### REQUIRED WORK
Print, in exact form, the lines below from the one containing "Mentir bebé suave" through the one containing "Hermes Tote Kelly", and omit all others.

Extracted data entries:
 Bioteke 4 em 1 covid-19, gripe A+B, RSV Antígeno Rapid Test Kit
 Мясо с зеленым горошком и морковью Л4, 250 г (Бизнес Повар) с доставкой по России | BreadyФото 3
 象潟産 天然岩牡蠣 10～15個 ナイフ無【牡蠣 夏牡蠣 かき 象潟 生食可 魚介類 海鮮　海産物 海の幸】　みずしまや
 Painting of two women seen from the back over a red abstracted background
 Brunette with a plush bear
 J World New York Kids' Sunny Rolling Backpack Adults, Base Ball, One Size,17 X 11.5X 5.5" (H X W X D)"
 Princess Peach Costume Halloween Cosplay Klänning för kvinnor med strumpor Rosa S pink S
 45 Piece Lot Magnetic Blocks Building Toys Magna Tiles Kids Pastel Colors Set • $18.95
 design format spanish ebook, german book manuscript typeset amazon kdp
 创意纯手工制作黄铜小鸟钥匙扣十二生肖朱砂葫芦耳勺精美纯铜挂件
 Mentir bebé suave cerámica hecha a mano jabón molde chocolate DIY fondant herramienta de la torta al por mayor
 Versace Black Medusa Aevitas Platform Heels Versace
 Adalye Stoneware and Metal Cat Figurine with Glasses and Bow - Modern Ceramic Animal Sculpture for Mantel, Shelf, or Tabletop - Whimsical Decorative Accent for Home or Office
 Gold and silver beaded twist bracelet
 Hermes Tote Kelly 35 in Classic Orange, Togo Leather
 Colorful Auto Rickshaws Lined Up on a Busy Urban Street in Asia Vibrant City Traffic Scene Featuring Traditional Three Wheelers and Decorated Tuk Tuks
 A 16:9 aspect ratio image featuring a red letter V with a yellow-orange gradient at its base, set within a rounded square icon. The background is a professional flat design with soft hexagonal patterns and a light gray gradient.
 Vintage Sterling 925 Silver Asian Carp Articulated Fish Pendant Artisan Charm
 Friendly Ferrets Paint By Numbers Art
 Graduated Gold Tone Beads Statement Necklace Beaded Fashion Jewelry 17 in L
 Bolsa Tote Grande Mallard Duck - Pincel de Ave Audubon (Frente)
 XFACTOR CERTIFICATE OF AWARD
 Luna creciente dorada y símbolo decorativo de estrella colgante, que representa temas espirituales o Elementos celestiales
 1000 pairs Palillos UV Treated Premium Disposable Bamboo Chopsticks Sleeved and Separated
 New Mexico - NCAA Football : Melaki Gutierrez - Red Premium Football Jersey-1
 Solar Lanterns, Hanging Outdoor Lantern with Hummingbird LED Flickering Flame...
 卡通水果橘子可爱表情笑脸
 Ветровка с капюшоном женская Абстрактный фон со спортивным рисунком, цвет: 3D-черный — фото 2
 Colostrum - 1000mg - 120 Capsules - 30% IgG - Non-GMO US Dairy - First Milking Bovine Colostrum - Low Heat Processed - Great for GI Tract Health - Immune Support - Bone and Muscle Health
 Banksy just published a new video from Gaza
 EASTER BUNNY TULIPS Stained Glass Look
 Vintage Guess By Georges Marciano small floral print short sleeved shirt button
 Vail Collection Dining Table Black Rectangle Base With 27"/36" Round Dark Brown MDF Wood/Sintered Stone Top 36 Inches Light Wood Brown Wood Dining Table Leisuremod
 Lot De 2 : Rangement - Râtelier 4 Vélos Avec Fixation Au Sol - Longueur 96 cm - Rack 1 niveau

### PROBLEM SOLUTION
 Mentir bebé suave cerámica hecha a mano jabón molde chocolate DIY fondant herramienta de la torta al por mayor
 Versace Black Medusa Aevitas Platform Heels Versace
 Adalye Stoneware and Metal Cat Figurine with Glasses and Bow - Modern Ceramic Animal Sculpture for Mantel, Shelf, or Tabletop - Whimsical Decorative Accent for Home or Office
 Gold and silver beaded twist bracelet
 Hermes Tote Kelly 35 in Classic Orange, Togo Leather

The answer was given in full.